Numa entrevista em que as perguntas falaram de corrupção do princípio ao fim, Jefferson respondeu com uma terminante negativa quando indagado se "o senhor se considera um corrupto". Mas procurou fazer uma distinção entre as irregularidades que acusa e aquelas das quais é acusado: "Há uma diferença entre essas duas coisas, eu não aluguei o meu partido; outra é fazer uma aliança eleitoral entre partidos".

A quais "duas coisas" o entrevistado se referia? Para ele, o "mensalão" é "o maior esquema de corrupção que eu já vi", w ele sublinha que começou a carreira política no governo do general Figueiredo (1974/1985). Instado a falar de outros esquemas que "já viu", eludiu a pergunta. Mas disse depois que o "esquema Silvio Pereira" é maior que o de PC Farias, no governo Fernando Collor de Mello, que defendeu até o fim.

Quanto às acusações que o envolvem, Jefferson foi mais flexível. "Receber dinheiro por fora é a prática de todos os partidos", disse. Embora admitindo que "ético não é", argumentou que este seria "como é a séculos no Brasil o financiamento dde campanha". Em outro trecho, descreveu que os partidos disputam as direções de estatais "fundamentalmente para que esses dirigentes de empresas estatais estabeleçam vínculos com empresas privadas que podem financiar as campanhas". E ainda disse que aconselhava os dirigentes do PTB a pensar primeiro no interesse da empresa pública, segundo no da empresa privada e só em terceiro no benefício para o PTB.

A reforma política de Jefferson

Como remédio para o sistema que admitiu ser "corrupto" e, ao seu ver, "contaminou" o PTB, o entrevistado defendeu a reforma política. Mas ele chamou de "vergonheira" a reforma "que está lá na Câmara".

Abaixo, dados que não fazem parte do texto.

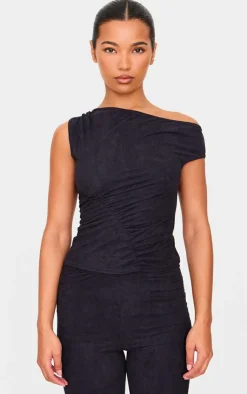 Hot PrettyLittleThing Faux Suede Asymmetric Ruched Top Black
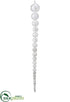 Silk Plants Direct Beaded Icicle Ornament - White - Pack of 12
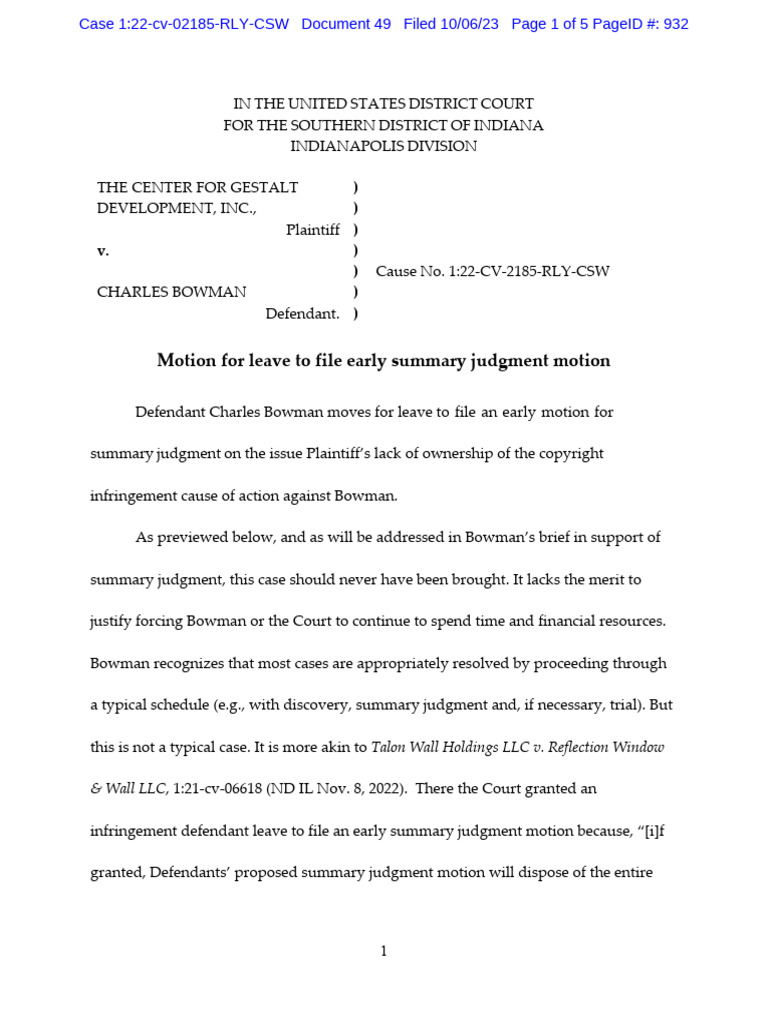Motion for leave to file early summary judgment motion pdf summary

Ele proclamou-se contra a proposta de financiamento das campanhas eleitorais, alegando que "é tirar dinheiro do pobre", pois o dinheiro sairá do estado. Em vez disso defendeu a continuação do financiamento privado, mas com doações dedutíveis do Imposto de Renda, para amortizar os gastos das empresas no financiamento de candidatos. Investiu também contra a redução das cláusulas de barreira, defendendo "de imediato" a redução do leque político para seis partidos. Propôs ainda cortes no número de cadeiras no Senado e na Câmara.

Confronto com Dirceu

Na entrevista, Jefferson mencionou o tempo em que, como líder do PTB, formou a base de sustentação do governo Fernando Henrique Cardoso, mas não respondeu sobre a compra de votos para a emenda constitucional da reeleição, em 1997. Admitiu contudo ("Você tem dúvida?") que houve repasse ilegal de recursos do PSDB para o PTB. Manteve a linha de poupar a figura do presidente Luiz Inácio Lula da Silva, assim como o PMDB. Concentrou fogo contra o PL e sobretudo o PT, a quem espera vitimar na hora em que a CPI, segundo as suas palavras, decidir "quem vai para a guilhotina".

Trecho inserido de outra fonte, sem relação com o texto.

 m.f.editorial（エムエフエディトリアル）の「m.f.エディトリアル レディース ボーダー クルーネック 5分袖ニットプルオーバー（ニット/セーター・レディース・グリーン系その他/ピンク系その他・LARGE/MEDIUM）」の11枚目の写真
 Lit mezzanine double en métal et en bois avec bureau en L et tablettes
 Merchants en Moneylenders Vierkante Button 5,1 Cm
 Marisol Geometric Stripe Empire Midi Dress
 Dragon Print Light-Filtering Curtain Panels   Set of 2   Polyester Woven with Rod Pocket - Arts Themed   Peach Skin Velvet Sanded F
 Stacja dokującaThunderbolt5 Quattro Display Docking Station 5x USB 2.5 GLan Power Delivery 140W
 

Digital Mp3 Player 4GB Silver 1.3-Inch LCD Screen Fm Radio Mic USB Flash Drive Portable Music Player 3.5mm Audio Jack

Jefferson disse ainda que vê "sem nenhum problema" a acareação com Dirceu. Este demitiu-se da Casa Civil expressamente para retomar a sua cadeira na Câmara dos Deputados, o que ocorre nesta quarta-feira, com um discurso no grande expediente - onde falará por cerca de 25 minutos. O confrontamento entre os dois na Câmara é aguardado como o próximo capítulo decisivo da crise.